Work required:
Locate each line below that includes "jumps" and reproduce it.

——

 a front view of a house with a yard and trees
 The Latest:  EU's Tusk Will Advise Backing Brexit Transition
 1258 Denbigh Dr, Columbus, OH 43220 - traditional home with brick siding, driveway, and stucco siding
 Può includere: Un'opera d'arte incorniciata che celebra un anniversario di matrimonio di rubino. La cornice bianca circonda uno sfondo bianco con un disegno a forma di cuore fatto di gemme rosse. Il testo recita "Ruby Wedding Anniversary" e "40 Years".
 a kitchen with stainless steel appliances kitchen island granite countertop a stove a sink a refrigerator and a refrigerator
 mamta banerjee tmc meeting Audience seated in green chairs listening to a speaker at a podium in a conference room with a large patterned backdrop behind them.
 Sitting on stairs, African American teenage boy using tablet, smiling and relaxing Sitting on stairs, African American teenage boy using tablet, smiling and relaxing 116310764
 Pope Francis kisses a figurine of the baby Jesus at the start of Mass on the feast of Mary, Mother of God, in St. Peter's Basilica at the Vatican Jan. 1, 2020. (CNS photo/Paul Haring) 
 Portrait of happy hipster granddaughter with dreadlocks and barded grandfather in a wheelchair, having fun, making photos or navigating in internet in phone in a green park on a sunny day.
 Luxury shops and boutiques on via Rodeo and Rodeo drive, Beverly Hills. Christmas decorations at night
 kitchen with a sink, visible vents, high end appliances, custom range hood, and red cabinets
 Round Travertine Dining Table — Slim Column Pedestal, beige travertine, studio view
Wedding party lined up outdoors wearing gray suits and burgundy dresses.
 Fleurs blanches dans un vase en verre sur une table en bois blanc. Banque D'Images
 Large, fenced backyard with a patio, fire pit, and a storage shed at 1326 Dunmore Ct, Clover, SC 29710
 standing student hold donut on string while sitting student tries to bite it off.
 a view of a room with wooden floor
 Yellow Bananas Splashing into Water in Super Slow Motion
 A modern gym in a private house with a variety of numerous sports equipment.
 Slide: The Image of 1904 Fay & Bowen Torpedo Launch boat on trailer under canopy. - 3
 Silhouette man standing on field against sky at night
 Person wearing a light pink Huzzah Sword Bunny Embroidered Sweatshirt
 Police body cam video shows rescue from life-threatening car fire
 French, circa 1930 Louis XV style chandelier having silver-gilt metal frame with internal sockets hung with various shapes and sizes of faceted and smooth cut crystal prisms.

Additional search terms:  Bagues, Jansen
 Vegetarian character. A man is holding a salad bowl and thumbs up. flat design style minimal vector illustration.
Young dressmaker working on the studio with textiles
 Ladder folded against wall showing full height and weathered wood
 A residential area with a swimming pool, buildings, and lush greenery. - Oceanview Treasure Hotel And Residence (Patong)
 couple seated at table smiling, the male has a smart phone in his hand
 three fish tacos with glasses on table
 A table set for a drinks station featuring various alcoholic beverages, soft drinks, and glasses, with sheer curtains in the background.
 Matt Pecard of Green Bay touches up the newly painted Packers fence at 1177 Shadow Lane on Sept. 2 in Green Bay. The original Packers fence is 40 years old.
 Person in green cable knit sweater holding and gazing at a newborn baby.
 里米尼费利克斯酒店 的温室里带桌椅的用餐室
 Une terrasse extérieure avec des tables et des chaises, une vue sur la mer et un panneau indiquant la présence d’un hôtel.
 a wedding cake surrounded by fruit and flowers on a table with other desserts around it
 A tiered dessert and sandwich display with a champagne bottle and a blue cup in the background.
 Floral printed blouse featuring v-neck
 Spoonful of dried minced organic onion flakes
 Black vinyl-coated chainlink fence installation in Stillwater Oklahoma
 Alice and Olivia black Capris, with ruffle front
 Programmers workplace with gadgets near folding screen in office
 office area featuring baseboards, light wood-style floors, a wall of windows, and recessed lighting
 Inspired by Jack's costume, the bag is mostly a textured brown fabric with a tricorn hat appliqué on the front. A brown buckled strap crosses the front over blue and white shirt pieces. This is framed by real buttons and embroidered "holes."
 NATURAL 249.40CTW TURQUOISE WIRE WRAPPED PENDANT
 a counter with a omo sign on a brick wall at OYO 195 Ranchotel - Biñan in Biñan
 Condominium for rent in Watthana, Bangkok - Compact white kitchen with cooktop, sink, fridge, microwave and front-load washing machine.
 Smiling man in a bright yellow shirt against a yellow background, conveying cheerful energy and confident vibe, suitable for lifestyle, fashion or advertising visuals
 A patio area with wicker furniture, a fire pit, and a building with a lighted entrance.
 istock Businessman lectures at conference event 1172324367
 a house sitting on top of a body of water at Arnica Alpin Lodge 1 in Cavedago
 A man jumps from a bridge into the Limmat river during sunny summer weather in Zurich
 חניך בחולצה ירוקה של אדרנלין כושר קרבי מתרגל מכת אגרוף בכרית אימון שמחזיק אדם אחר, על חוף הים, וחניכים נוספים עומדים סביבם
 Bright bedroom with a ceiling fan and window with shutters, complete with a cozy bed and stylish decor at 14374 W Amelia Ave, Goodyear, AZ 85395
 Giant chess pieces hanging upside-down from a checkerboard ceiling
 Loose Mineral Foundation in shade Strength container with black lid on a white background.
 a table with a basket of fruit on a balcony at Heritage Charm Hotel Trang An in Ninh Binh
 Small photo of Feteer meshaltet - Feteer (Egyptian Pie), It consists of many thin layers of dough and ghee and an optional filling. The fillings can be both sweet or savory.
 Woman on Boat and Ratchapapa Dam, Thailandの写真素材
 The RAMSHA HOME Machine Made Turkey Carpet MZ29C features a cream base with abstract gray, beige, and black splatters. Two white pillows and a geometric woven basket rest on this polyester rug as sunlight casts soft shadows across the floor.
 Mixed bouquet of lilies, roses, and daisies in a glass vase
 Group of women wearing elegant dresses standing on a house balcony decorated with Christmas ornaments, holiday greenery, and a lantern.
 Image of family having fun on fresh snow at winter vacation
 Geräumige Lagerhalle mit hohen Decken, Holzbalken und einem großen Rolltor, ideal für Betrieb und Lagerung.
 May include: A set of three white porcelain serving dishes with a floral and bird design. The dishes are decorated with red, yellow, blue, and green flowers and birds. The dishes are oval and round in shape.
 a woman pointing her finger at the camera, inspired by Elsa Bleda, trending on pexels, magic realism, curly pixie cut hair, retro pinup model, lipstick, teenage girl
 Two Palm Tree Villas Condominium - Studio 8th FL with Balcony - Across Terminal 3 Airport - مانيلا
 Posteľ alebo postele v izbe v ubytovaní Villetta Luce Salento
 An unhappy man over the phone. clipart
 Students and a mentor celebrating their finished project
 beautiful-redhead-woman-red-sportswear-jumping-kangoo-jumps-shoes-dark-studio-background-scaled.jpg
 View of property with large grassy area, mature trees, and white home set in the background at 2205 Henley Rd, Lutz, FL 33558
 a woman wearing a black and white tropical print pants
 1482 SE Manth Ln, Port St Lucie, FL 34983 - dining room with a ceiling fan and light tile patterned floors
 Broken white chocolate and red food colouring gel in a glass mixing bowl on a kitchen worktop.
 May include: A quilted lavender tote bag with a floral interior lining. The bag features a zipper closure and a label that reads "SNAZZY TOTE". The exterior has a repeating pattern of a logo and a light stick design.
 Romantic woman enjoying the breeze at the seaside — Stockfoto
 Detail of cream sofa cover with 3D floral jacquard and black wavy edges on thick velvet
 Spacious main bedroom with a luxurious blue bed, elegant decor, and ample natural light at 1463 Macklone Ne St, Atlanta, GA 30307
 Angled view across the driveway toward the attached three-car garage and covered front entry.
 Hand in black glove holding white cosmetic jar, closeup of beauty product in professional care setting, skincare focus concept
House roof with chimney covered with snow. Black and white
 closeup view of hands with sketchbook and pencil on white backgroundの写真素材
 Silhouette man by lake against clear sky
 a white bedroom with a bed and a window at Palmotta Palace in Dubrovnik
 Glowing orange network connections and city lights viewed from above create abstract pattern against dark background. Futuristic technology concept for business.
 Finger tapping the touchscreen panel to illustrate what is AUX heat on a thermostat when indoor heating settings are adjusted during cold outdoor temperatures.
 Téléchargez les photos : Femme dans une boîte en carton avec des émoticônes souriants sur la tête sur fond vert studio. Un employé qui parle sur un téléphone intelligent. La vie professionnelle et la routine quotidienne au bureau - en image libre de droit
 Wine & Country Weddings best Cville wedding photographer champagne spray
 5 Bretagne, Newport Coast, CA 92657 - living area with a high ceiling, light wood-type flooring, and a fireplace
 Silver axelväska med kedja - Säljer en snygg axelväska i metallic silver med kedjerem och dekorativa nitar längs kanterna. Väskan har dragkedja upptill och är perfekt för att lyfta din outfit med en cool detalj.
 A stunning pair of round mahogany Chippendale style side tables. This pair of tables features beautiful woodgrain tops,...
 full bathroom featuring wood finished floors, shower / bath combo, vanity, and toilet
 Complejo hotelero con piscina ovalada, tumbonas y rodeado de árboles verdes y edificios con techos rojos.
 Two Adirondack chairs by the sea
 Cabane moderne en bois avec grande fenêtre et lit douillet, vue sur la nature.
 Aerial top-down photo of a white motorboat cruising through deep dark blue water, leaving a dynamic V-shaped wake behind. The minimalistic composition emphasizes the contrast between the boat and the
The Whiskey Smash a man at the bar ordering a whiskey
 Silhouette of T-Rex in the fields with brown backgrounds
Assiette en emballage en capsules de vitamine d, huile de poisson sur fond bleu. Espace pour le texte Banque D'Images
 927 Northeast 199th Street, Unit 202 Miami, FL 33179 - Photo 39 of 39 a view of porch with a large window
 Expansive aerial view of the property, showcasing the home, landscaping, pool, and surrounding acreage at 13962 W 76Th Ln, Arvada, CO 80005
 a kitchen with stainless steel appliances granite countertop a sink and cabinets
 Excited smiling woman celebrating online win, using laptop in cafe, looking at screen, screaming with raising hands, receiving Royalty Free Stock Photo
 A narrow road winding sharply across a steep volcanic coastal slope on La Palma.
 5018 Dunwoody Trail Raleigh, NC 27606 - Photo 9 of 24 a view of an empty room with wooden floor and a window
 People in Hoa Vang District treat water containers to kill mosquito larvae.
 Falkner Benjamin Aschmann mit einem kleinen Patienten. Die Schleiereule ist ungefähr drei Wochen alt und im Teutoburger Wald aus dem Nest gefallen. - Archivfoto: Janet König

——

Result for this task:
 A man jumps from a bridge into the Limmat river during sunny summer weather in Zurich
 beautiful-redhead-woman-red-sportswear-jumping-kangoo-jumps-shoes-dark-studio-background-scaled.jpg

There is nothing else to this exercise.